[SUPPLIED ENTRIES — start]
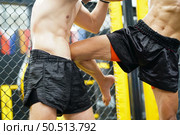 Mixed Martial Art, The power of a knee into the opponent’s abdomen causing the opponent to have colic, tightness in the stomach and lose by knockout. Стоковое фото, агентство Ingram Publishing / Фотобанк Лори
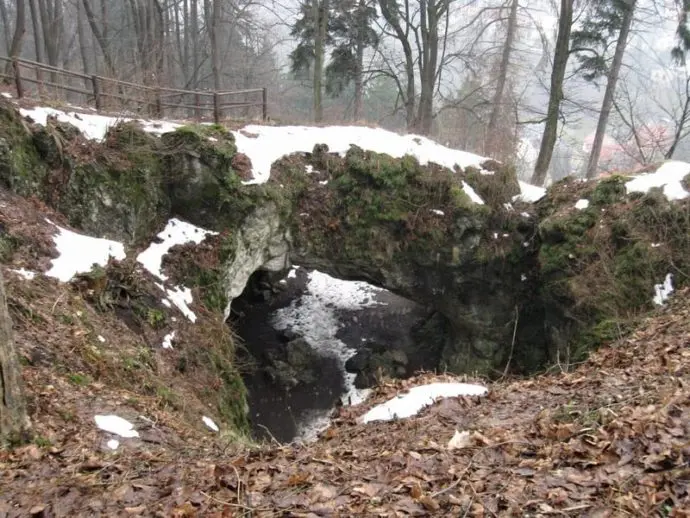 Přirozený skalní oblouk v zimním lese na Moravskoslezsku.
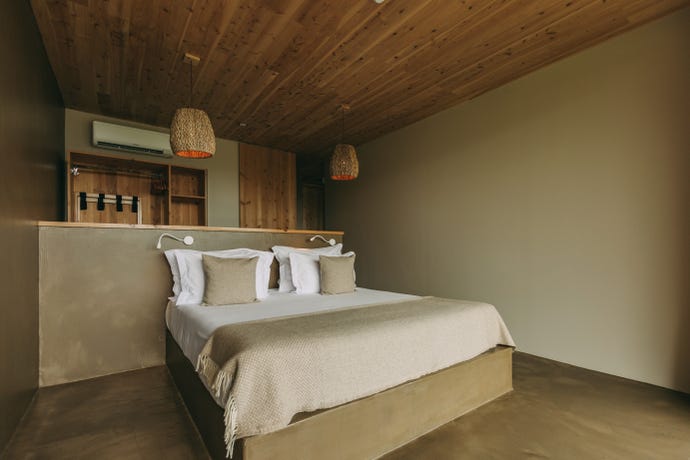 A bedroom overlooking the garden and ocean.
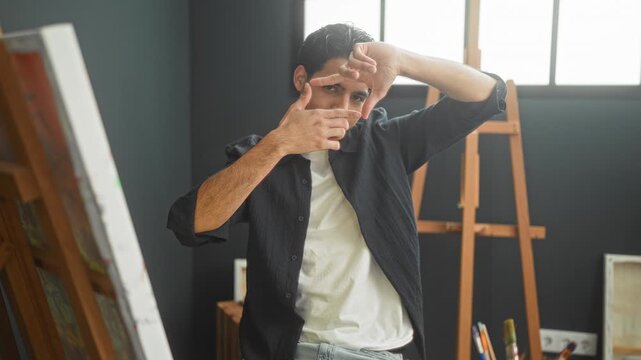 Young hispanic man frames a canvas with hands and fingers, gesturing composition beside an easel in an art studio; concentration.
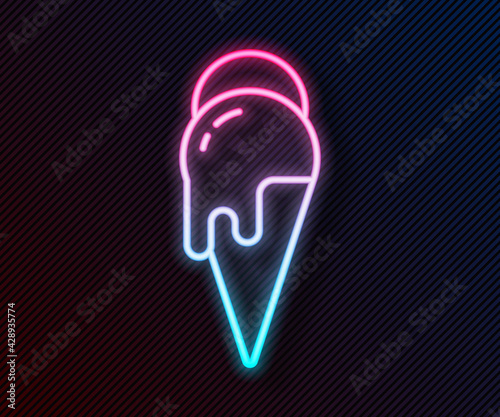 Glowing neon line Ice cream in waffle cone icon isolated on black background. Sweet symbol. Vector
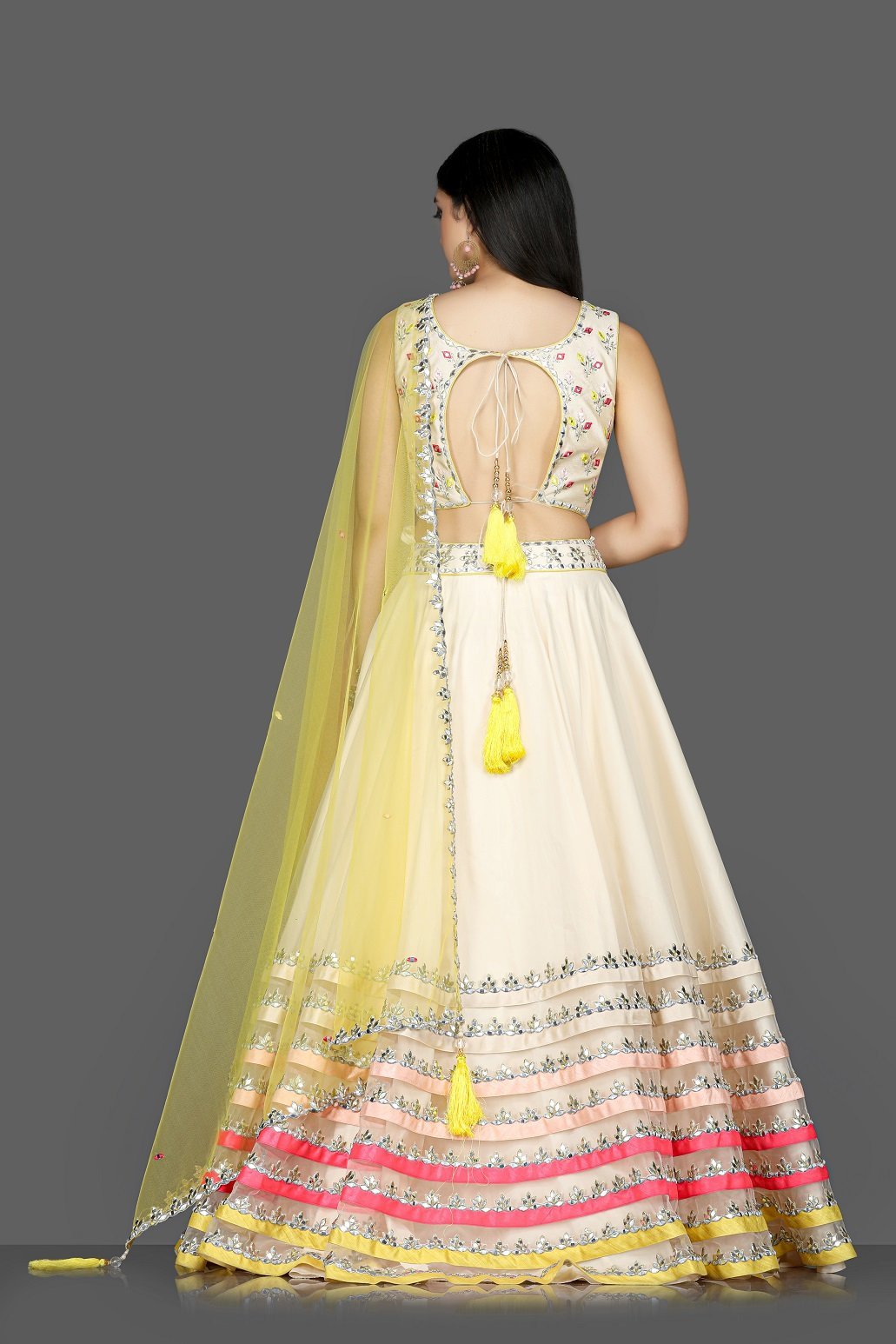 Shop cream embroidered net and raw silk lehenga online in USA with yellow dupatta. Flaunt ethnic fashion with exquisite designer lehenga, Indian wedding dresses from Pure Elegance Indian fashion boutique in USA.-back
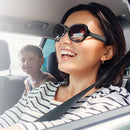 Smiling woman in a car wearing stylish black sunglasses with slightly thick temples and dark, reflective lenses. The design hints at integrated audio. Real photo.
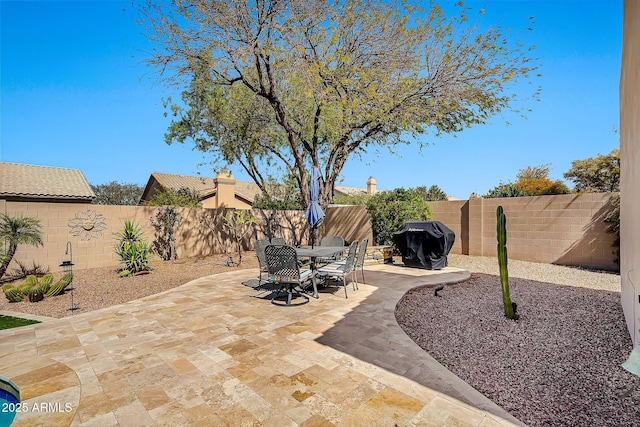 view of patio with grilling area, a fenced backyard, and outdoor dining space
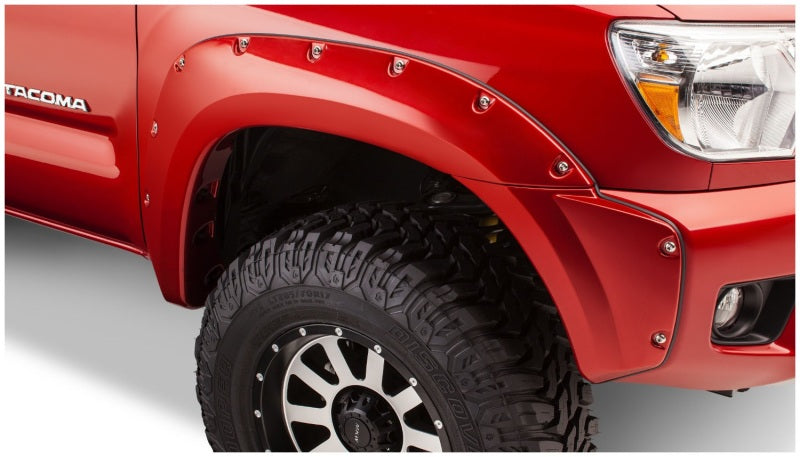 Red truck with black tire cover - bushwacker pocket style fender flares for toyota tacoma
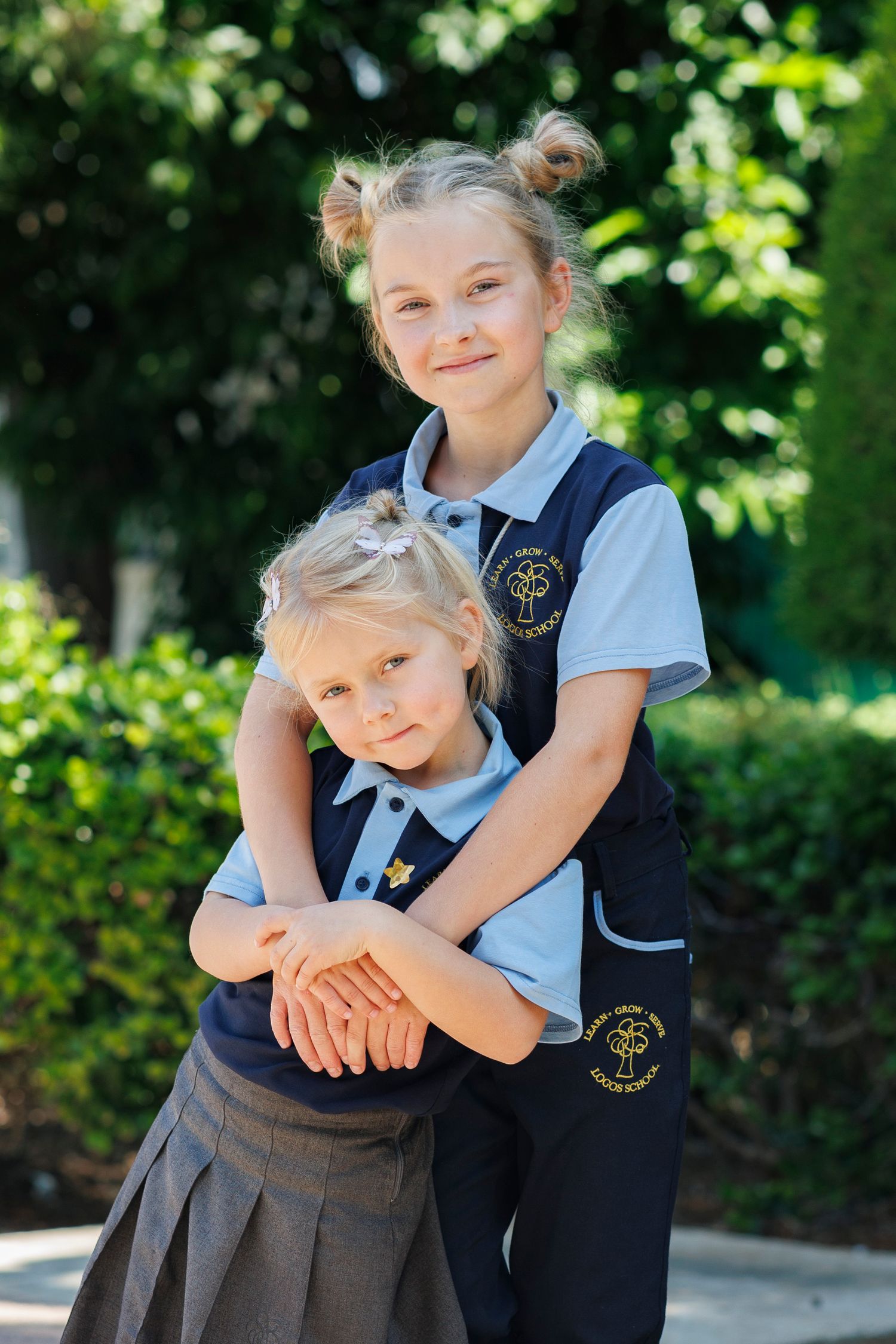 Two young girls in matching school uniforms embrace outdoors, smiling amid lush green foliage on a sunny day.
[SUPPLIED ENTRIES — finish]
■ **WORK TASK**:
Each entry above has to be set down again verbatim, except for its pictures.

■ **ANSWER TO THIS TASK**:
 Mixed Martial Art, The power of a knee into the opponent’s abdomen causing the opponent to have colic, tightness in the stomach and lose by knockout. Стоковое фото, агентство Ingram Publishing / Фотобанк Лори
 Přirozený skalní oblouk v zimním lese na Moravskoslezsku.
 A bedroom overlooking the garden and ocean.
 Young hispanic man frames a canvas with hands and fingers, gesturing composition beside an easel in an art studio; concentration.
 Glowing neon line Ice cream in waffle cone icon isolated on black background. Sweet symbol. Vector
 Shop cream embroidered net and raw silk lehenga online in USA with yellow dupatta. Flaunt ethnic fashion with exquisite designer lehenga, Indian wedding dresses from Pure Elegance Indian fashion boutique in USA.-back
 Smiling woman in a car wearing stylish black sunglasses with slightly thick temples and dark, reflective lenses. The design hints at integrated audio. Real photo.
 view of patio with grilling area, a fenced backyard, and outdoor dining space
 Red truck with black tire cover - bushwacker pocket style fender flares for toyota tacoma
 Two young girls in matching school uniforms embrace outdoors, smiling amid lush green foliage on a sunny day.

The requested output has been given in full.